#### EXERCISE GOAL:
Once you find the line with "Puede incluir: Una" in the entries below, return exactly every line from it through the line with "a colorful wind".

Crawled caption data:
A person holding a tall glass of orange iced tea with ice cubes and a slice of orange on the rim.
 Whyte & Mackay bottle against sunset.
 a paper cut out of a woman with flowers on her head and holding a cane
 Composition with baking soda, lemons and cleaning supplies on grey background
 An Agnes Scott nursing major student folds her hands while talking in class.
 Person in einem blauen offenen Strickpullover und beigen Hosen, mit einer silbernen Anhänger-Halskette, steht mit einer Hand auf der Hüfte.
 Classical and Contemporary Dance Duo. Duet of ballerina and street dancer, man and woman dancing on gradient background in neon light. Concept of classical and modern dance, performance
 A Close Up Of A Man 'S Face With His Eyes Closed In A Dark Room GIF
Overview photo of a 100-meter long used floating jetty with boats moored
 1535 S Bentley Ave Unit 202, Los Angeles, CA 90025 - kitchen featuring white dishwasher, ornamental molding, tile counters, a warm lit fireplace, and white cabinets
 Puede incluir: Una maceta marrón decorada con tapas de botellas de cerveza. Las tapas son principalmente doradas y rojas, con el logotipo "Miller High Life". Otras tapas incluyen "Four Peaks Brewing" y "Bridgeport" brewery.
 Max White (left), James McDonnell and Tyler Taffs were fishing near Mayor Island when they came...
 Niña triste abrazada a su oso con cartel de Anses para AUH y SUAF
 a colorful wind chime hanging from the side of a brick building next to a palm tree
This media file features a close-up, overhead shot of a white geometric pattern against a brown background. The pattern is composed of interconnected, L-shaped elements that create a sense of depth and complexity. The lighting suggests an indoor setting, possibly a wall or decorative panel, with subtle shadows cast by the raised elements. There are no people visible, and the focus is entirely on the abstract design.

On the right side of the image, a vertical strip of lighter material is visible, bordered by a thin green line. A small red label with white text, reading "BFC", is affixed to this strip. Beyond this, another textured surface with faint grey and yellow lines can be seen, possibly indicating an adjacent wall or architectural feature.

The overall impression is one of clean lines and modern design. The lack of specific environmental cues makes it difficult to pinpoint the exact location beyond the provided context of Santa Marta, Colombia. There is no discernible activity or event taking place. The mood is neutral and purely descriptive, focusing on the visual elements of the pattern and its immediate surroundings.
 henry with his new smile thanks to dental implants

#### RESULT:
 Puede incluir: Una maceta marrón decorada con tapas de botellas de cerveza. Las tapas son principalmente doradas y rojas, con el logotipo "Miller High Life". Otras tapas incluyen "Four Peaks Brewing" y "Bridgeport" brewery.
 Max White (left), James McDonnell and Tyler Taffs were fishing near Mayor Island when they came...
 Niña triste abrazada a su oso con cartel de Anses para AUH y SUAF
 a colorful wind chime hanging from the side of a brick building next to a palm tree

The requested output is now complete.